O dia 28 de setembro de 1974 amanheceu com bom tempo, ainda convidativo para uma ida à praia. A Ponte 25 de Abril, em Lisboa, recém-rebatizada depois de retirada a placa toponímica “Ponte Salazar”, foi muito utilizada pelos lisboetas, durante todo o dia. Pela manhã, porém, movimentações militares do COPCON (Comando Operacional do Continente, criado a 8 de julho e comandado pelo estratega do 25 de Abril, o major graduado em brigadeiro Otelo Saraiva de Carvalho) restringiram, logo às primeiras horas, as movimentações civis. Foram erguidas barricadas, por populares – na verdade, elementos mobilizados, sobretudo, pelo PCP – que à entrada sul da ponte, do lado de Almada, ou em Sacavém, no final da Autoestrada do Norte, revistavam minuciosamente todas as viaturas, sob o olhar complacente dos militares, e sem outra autoridade que não fosse a da “legitimidade revolucionária”. A tensão sentia-se no ar, sobretudo quando foram encontradas duas ou três caçadeiras nas bagageiras de automóveis de gama alta, nomeadamente, da marca Mercedes-Benz, a favorita dos ”reacionários”. Muitos dos “apanhados” preparavam-se, inocentemente, para o dia seguinte, um domingo, em plena época de caça. No final, a manifestação de apoio ao Presidente da República, general António de Spínola, convocada para esse dia, em Belém, às 15h, acabou por ser boicotada e já não se realizou.
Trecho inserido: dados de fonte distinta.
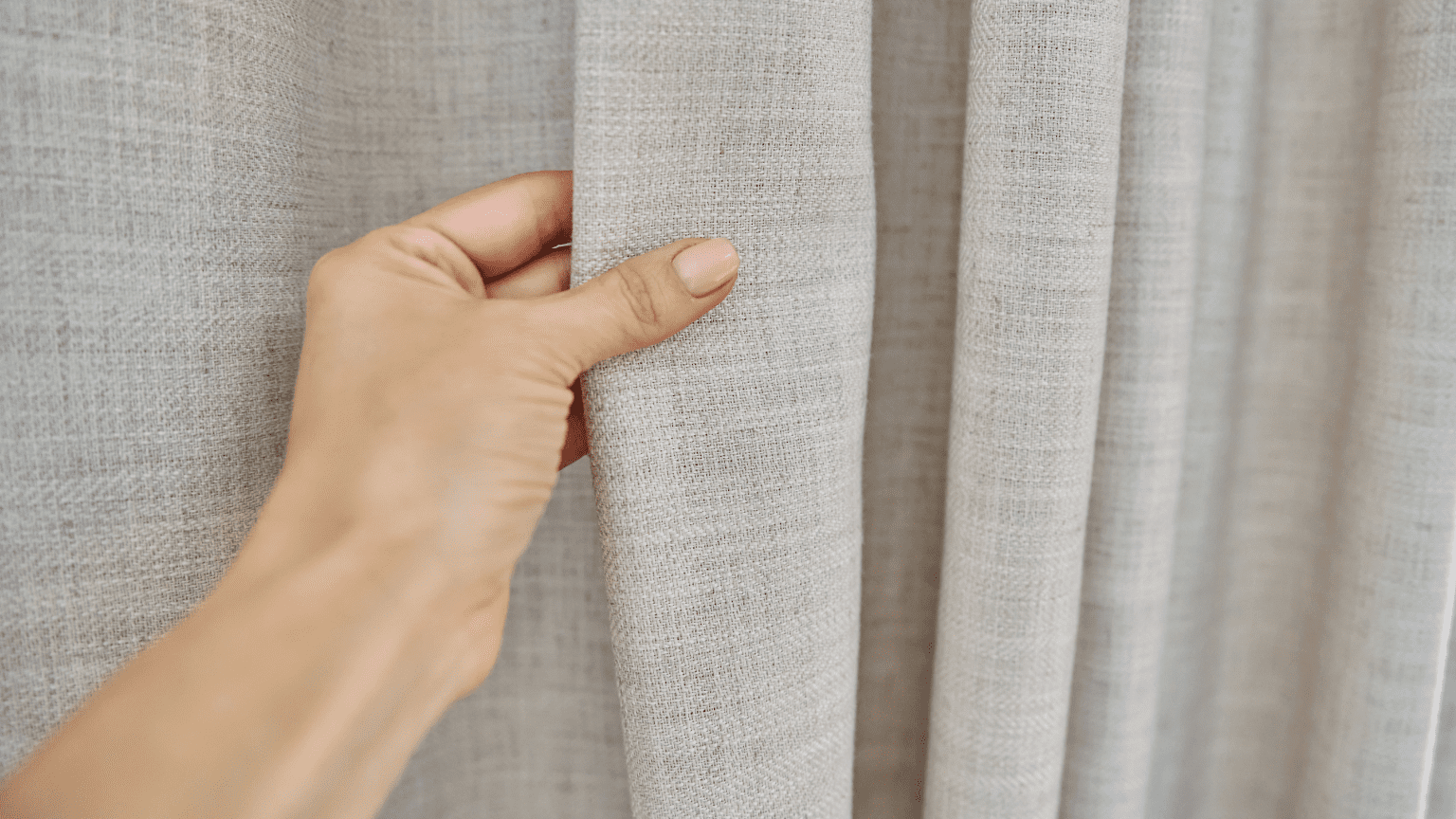 ¿Cómo elegir cortinas a medida para cada espacio?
No fundo, desconfiavam a ala esquerda militar e boa parte do povo que vitoriara, cinco meses antes, os capitães de Abril, que o que se preparava não era bem uma manifestação, mas uma marcha sobre Lisboa, que evocava outros exemplos, de triste memória, como a Marcha sobre Roma, de Benito Mussolini, em 1922. Para não falar do levantamento do 28 de maio de 1926, que começara por uma marcha desde Braga – mas essa era protagonizada pela tropa –, comandada por Gomes da Costa e instauradora da ditadura militar que daria origem ao Estado Novo, e inventaria uma criatura chamada Salazar. O anterior nome desta ponte.
Isto é uma tourada
Mas a época não era apenas de caça – e a “caça ao fascista” não era a única modalidade praticada nessa Lisboa, metade revolucionária e metade castiça. Era, também, o final da época das touradas que, tal como a caça, tinham os seus dias de atividade às quintas-feiras (no Campo Pequeno) e aos domingos (noutros locais do País). Dois dias antes, uma quinta-feira, precisamente, decorrera a “festa brava” na praça de touros da capital, com a presença do Presidente Spínola e do primeiro-ministro, conotado com o PCP, Vasco Gonçalves. Ainda não se tinha intensificado o PREC (Processo Revolucionário em Curso), como viria a suceder no “verão quente” de 1975, mas o “gonçalvismo”, com uma repentina viragem à esquerda, na condução dos destinos do País, estava a afirmar-se desde junho, quando o advogado maçon e de centro-direita, Adelino da Palma Carlos, primeiro chefe de governo no pós-25 de Abril, se tinha demitido e sido substituído por este oficial de Engenharia Militar. Por essa altura, já uns enigmáticos cartazes de aspeto um tanto ou quanto inquietante, com um boneco sem boca, que fazia lembrar o dr. Strangelove, convocavam os portugueses para uma manifestação de apoio a Spínola, para dar voz, finalmente à suposta “maioria silenciosa”. Ou seja, segundo os organizadores – que se escondiam atrás do anonimato, mas que pertenciam aos grupos de direita radical do Partido do Progresso (PP) e do Partido Liberal (PL) e se escudavam no pretexto de pugnarem pela não desvirtuação do programa do MFA… –, havia uma maioria de portugueses que, não podendo manifestar-se nas gritarias da revolução, se preocupava – em sintonia com as preocupações de Spínola – com o caminho que o País tomava, conduzido por Vasco Gonçalves, por Otelo, pelo MFA, pelo PCP e pela pulsão descolonizadora protagonizada, entre outros, pelo “almirante vermelho”, Rosa Coutinho, governador de Angola. Essa “maioria silenciosa” descia, finalmente, à capital, para fazer ouvir a sua voz.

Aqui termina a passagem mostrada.